AI & Tech Artificial Intelligence Newswire Reviews Technology

ChatGPT Agent Tests: Only 1 Near-Perfect Result, Many Errors

July 23, 2025Last Updated: July 23, 2025

3 minutes read

Abstract white design resembling a flower or knot on a teal and black grid background, with a cursor indicating a click.

▼ Summary

– OpenAI launched ChatGPT Agent, a tool combining Deep Research and Operator capabilities, allowing UI interaction and more, currently available for $200/mo Pro tier subscribers with 400 interactions/month.
– Testing revealed Agent often requires follow-up queries, reducing effective project capacity, and struggles with large-scale tasks, web page scrolling, and sites with AI/robots.txt restrictions.
– Agent showed mixed performance in tasks like Amazon product selection (hallucinated links), PowerPoint creation (poor graphics), and article categorization (session time limits), but excelled in analyzing building codes.
– The tool includes connectors for services like Gmail and Google Drive, but testing was avoided due to concerns over hallucinations and unreliable behavior with account access.
– While Agent demonstrates potential with some accurate results, its current unreliability and high cost make it unsuitable for most users, though future improvements could enhance its utility.
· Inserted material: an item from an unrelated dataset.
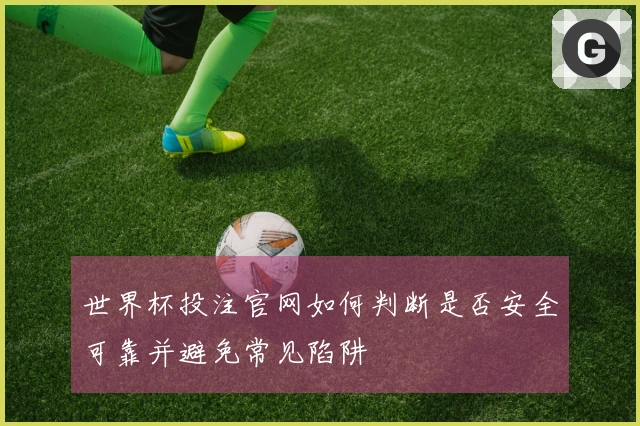 世界杯投注官网如何判断是否安全可靠并避免常见陷阱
OpenAI’s ChatGPT Agent shows flashes of brilliance but struggles with consistency in real-world testing. The newly launched tool combines deep research capabilities with computer interaction skills, allowing it to navigate interfaces and complete complex tasks. Currently available to Pro tier subscribers at $200/month, it promises to revolutionize how we interact with AI assistants – when it works correctly.

During extensive testing across eight different scenarios, the Agent demonstrated both impressive capabilities and frustrating limitations. While it occasionally delivered near-perfect results, most attempts revealed significant room for improvement in accuracy, reliability, and output quality.
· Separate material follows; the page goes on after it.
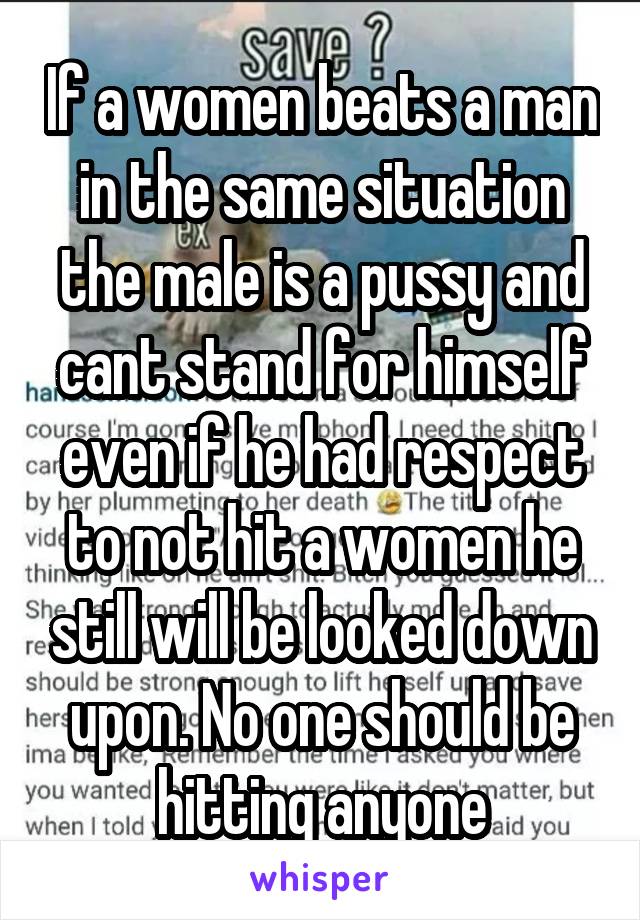 If a women beats a man in the same situation the male is a pussy and cant stand for himself even if he had respect to not hit a women he still will be looked down upon. No one should be hitting anyone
Pricing and availability currently make this a tool for early adopters only. Pro users get 400 interactions monthly, while Plus subscribers will receive just 40 when access rolls out. In practice, most tasks required multiple follow-up queries, meaning users will likely exhaust their monthly allotment faster than expected.

The testing process revealed several key findings:

Shopping assistance showed mixed results. When asked to find networking tools on Amazon, the Agent successfully identified a budget kit but fabricated product listings for mid-range and premium options. It generated plausible-looking Amazon links that led nowhere, suggesting it pulled information from other sources before creating fictional product pages.

Price comparison tasks worked better with precise instructions. Requesting egg price comparisons across all Instacart stores yielded unusable results from distant locations. Narrowing the search radius produced more practical data, though the Agent sometimes selected higher-priced options without explanation.

Presentation creation needs refinement. While the Agent understood PowerPoint formatting requirements, its graphic output quality fell short of professional standards. It successfully added new data points to existing slides but struggled with font consistency, text placement, and visual hierarchy.

Content analysis hit processing limits. Attempting to categorize 300 newsletter articles exceeded the system’s session time allowance. This limitation raises questions about handling larger projects – a key use case for such automation tools.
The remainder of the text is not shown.